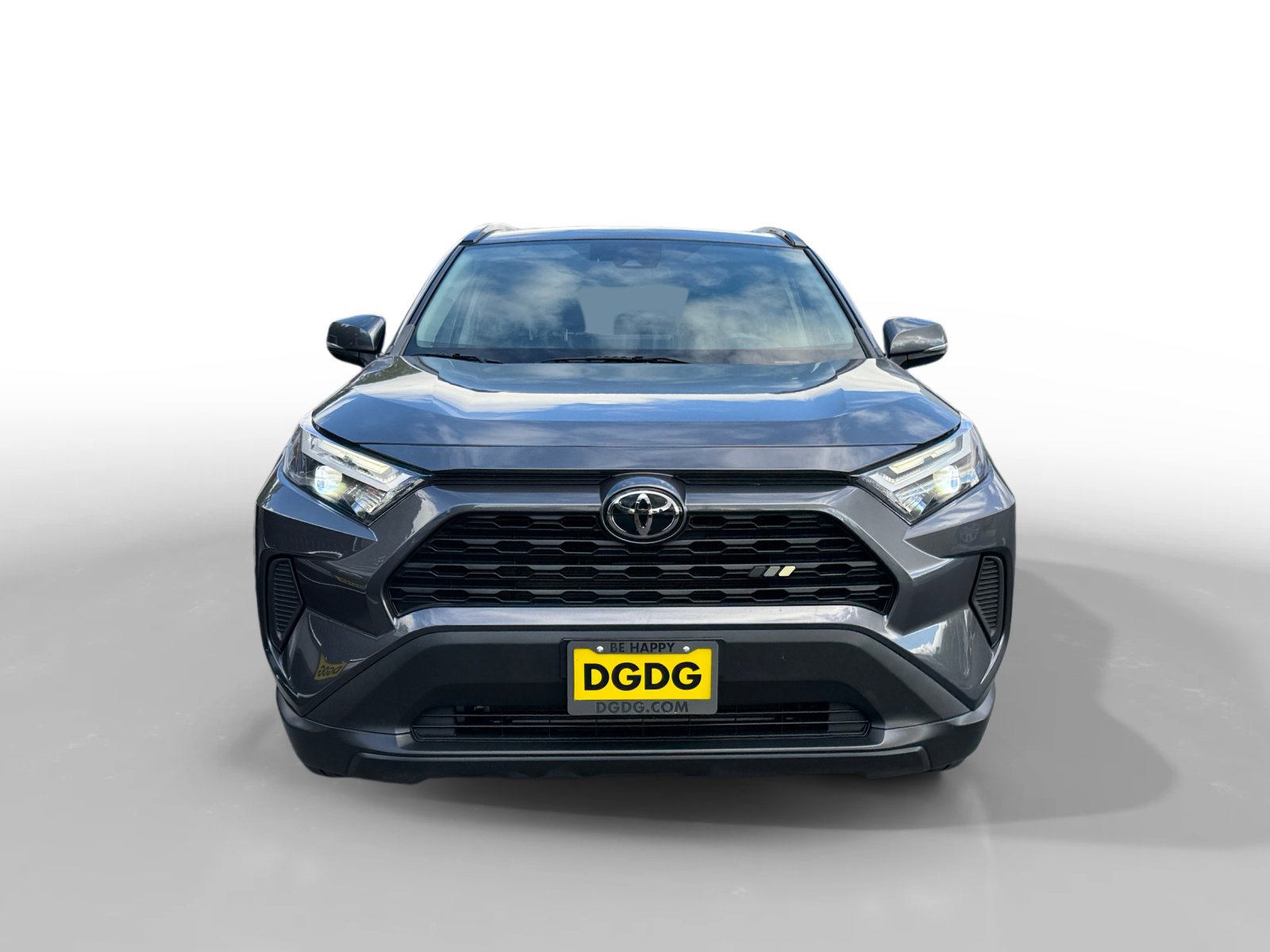 Used 2022 Toyota RAV4 XLE w/ Convenience Package image 8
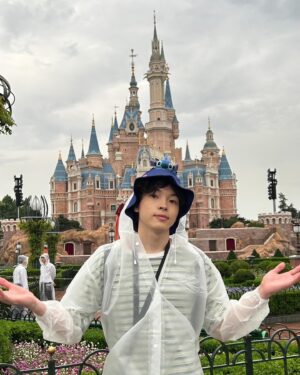 imase Instagram - アジアツアーのオフ日に上海ディズニーに行ってきました🏰✨
ディズニー自体も7年〜8年ぶりぶりぐらい！楽しかった！
ズートピア最高〜〜！！✌️

#imase #shanghaidisneyland #pr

**TASK GOAL**.
Apart from the pictures, return the records exactly.

**REPLY**.
 Used 2022 Toyota RAV4 XLE w/ Convenience Package image 8
 imase Instagram - アジアツアーのオフ日に上海ディズニーに行ってきました🏰✨
ディズニー自体も7年〜8年ぶりぶりぐらい！楽しかった！
ズートピア最高〜〜！！✌️

#imase #shanghaidisneyland #pr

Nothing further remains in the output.